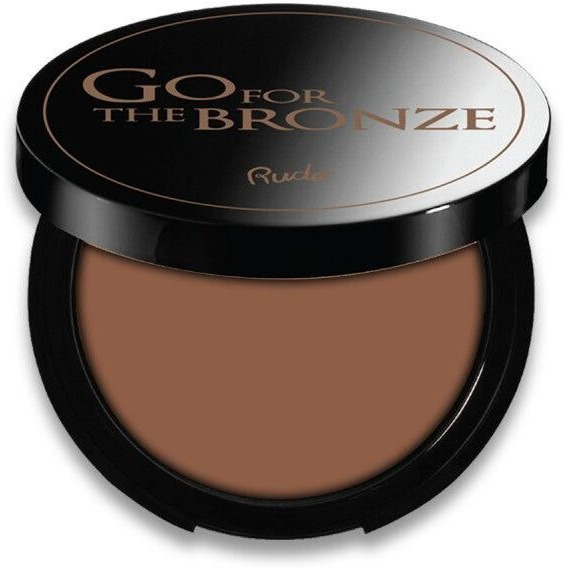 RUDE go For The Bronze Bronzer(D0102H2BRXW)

--

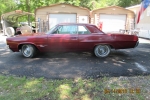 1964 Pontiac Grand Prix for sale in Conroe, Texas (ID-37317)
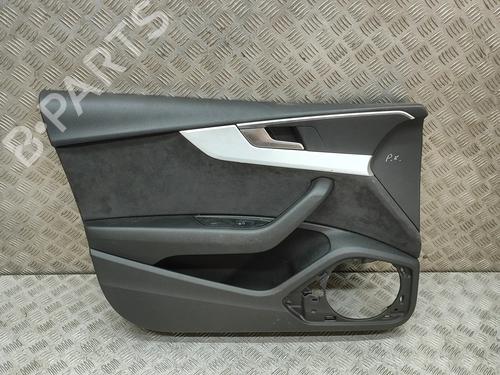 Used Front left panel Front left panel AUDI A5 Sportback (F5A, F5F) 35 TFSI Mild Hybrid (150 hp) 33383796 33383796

...

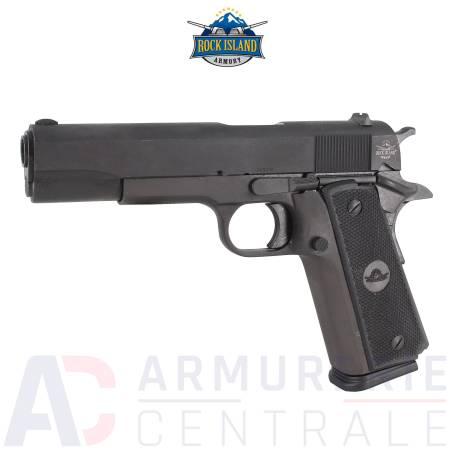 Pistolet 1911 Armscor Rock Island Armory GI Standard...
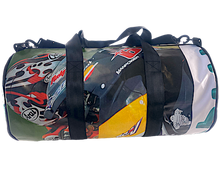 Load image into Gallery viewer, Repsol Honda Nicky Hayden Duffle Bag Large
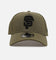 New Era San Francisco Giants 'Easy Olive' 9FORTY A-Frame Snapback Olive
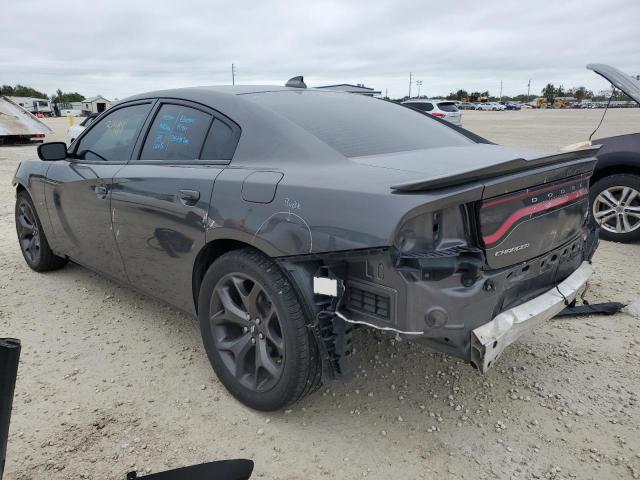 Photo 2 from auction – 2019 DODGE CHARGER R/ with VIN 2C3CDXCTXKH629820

> **ASSIGNMENT**: Above this task is a listing with pictures in it. Retype only the lines from the one containing "1964 Pontiac Grand" through the one containing "Used Front left", both included, and not the pictures.

> **EXERCISE RESULT**:
 1964 Pontiac Grand Prix for sale in Conroe, Texas (ID-37317)
 Used Front left panel Front left panel AUDI A5 Sportback (F5A, F5F) 35 TFSI Mild Hybrid (150 hp) 33383796 33383796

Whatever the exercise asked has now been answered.